Più di uno filoni di inchiesta sul terrorismo islamico aperti a Bologna.
Nel maggio 2006, ad esempio, vennero fatte 18 perquisizioni nell’ambito di una presunta cellula terroristica che avrebbe fornito supporto logistico ad altri militanti dell’integralismo.
Sempre nel 2006, il Pm Luca Tampieri chiese 18 catture che però vennero respinte prima dal Gip e poi dal Tribunale del riesame. Le motivazioni del riesame suscitarono polemiche: ”Restano esclusi dall’ambito della definizione di terrorismo gli atti di violenza, da chiunque compiuti – scrissero i giudici -contro militari impegnati in un conflitto armato, salvo la illiceità di tali atti sotto altri profili del diritto internazionale umanitario (crimini di guerra o contro l’umanità)”.
L’indagine su un’altra cellula di supporto logistico nel 2003 portò a 17 condanne (e 21 assoluzioni) da parte del Tribunale di Bologna. Si sarebbe trattato di una cellula di integralisti islamici che da Bologna falsificavano documenti e smistavano denaro contraffatto, dando supporto logistico alle attività terroristiche del Gia in Europa. Alcuni imputati nel processo furono poi arrestati nel corso del conflitto in Afghanistan e portati nel campo di Guantanamo bay.
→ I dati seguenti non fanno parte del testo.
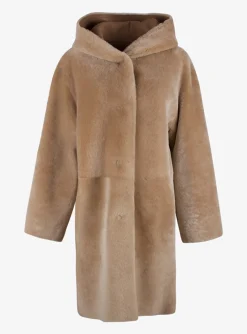 Jas Lammy camel | DELSCHER. Fashion
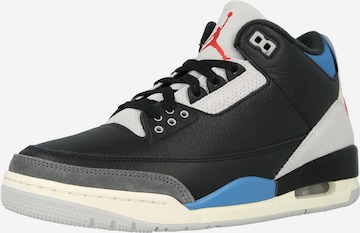 juoda Jordan Sportbačiai su auliuku 'AIR 3 RETRO': priekis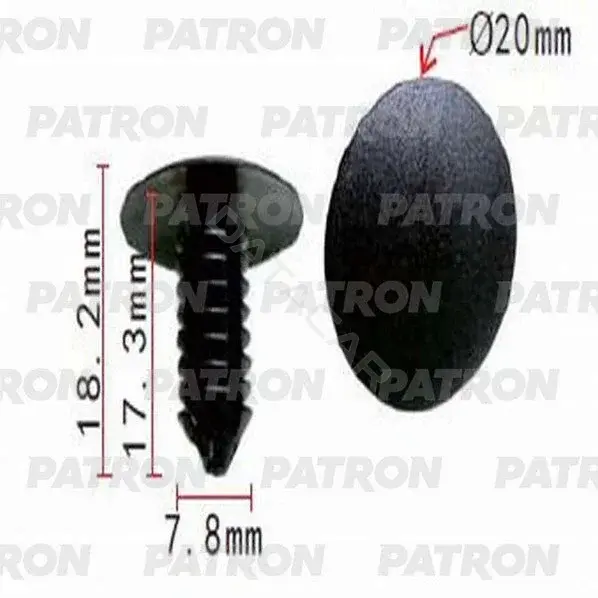 Клипсы, фиксаторы, зажимы PATRON P37-0561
Un possibile obiettivo del terrorismo islamico a Bologna viene considerata la Basilica di San Petronio.
Nella Basilica, che sorge su Piazza Maggiore, è esposto l’affresco di Giovanni da Modena, risalente al 1415, che raffigura una scena del 28/o canto dell’Inferno di Dante in cui Maometto appare nudo tra gli idolatri: immagini ritenute blasfeme dagli integralisti islamici.